The result obtained by cuda::dft is different from cv::dft
I'm tring to speed up the cv::dft by using the gpu version, but I find the result obtained by cv::cuda::dft is different from cv::dft.
Here's the code:
CPU version:
Mat t = imread(...) // read the src image
Mat f, dst;
Mat plane_h[] = { Mat_<float>(t), Mat::zeros(t.size(),CV_32F) };
merge(plane_h, 2, t);
merge(plane_h, 2, f);
cv::dft(t, f, DFT_SCALE | DFT_COMPLEX_OUTPUT);
cv::dft(f, dst, DFT_INVERSE | DFT_REAL_OUTPUT);
GPU vesion:
Mat t = imread(...); // read the src image
cuda::GpuMat t_dev, f_dev, dst_dev;
Mat dst;
t_dev.upload(t);
cuda::GpuMat plane_h[] = { t_dev, cuda::GpuMat(t_dev.size(),CV_32FC1) };
cuda::merge(plane_h, 2, t_dev);
cuda::merge(plane_h, 2, f_dev);
cuda::dft(t_dev, f_dev, t_dev.size(), DFT_SCALE);
cuda::dft(f_dev, dst_dev, t_dev.size(), DFT_COMPLEX_INPUT | DFT_REAL_OUTPUT);
dst_dev.download(dst);
in cpu version, 'dst' is equal to 't'; while in gpu version, 'dst' was totally wrong.

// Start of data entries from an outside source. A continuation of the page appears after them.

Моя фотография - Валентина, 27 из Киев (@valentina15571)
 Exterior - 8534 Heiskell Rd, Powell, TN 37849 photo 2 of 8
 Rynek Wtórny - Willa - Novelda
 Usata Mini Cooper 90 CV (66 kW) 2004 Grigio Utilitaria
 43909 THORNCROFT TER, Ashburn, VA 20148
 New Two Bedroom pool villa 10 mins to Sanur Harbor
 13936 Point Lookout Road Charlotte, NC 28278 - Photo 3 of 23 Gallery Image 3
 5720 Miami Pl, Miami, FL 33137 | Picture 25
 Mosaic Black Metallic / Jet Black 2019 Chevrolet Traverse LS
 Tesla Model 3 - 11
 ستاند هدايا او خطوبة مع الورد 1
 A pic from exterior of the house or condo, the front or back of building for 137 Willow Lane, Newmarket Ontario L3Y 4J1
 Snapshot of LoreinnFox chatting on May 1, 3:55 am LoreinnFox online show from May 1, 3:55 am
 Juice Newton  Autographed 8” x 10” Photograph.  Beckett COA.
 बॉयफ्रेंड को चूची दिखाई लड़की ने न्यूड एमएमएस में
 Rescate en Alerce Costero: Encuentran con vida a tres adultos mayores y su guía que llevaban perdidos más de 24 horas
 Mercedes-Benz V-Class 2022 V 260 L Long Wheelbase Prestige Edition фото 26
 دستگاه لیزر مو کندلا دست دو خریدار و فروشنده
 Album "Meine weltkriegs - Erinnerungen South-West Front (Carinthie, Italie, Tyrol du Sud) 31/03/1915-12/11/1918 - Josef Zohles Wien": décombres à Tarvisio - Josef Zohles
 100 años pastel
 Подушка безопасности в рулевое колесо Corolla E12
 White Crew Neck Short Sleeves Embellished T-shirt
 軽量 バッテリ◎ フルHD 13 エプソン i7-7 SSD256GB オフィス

I also found the the 'f_dev' in gpu vetsion is equal to 'f' in cpu version.
Which version of OpenCV and CUDA are you using? Additionally I cannot get your code to compile, can you post the exact code you are using, i.e. GPU::GpuMat should be cuda::GpuMat, do you use DFT_SCALE | DFT_COMPLEX_OUTPUT in the cuda version as well? Do the inbuilt accuracy tests pass?
opencv version = 4.1.1; cuda version = 10.1. GPU::GpuMat is a misspelling here, cuda::GpuMat is right. DFT_COMPLEX_OUTPUT is not support in cuda version, but as I said, I can get the same results in FFT forward transform both in cpu version and cuda version, but different results in inverse FFT transform.
Hi, I still can't get your code to run. Can you post the exact code which you are using so I can see there is an issue or if the difference you are observing is due to an error or the BLAS implementations. i.e. is t uint8 or f32, above it looks to be uint8 but you are trying to combine it with an f32.
Hey, I'v solved this issue. In gpu version, the input data should be real not complex when performing FFT forward transformation, then the same result will be obtained after the inverse trans. This should have something to do with cufft lib in cuda.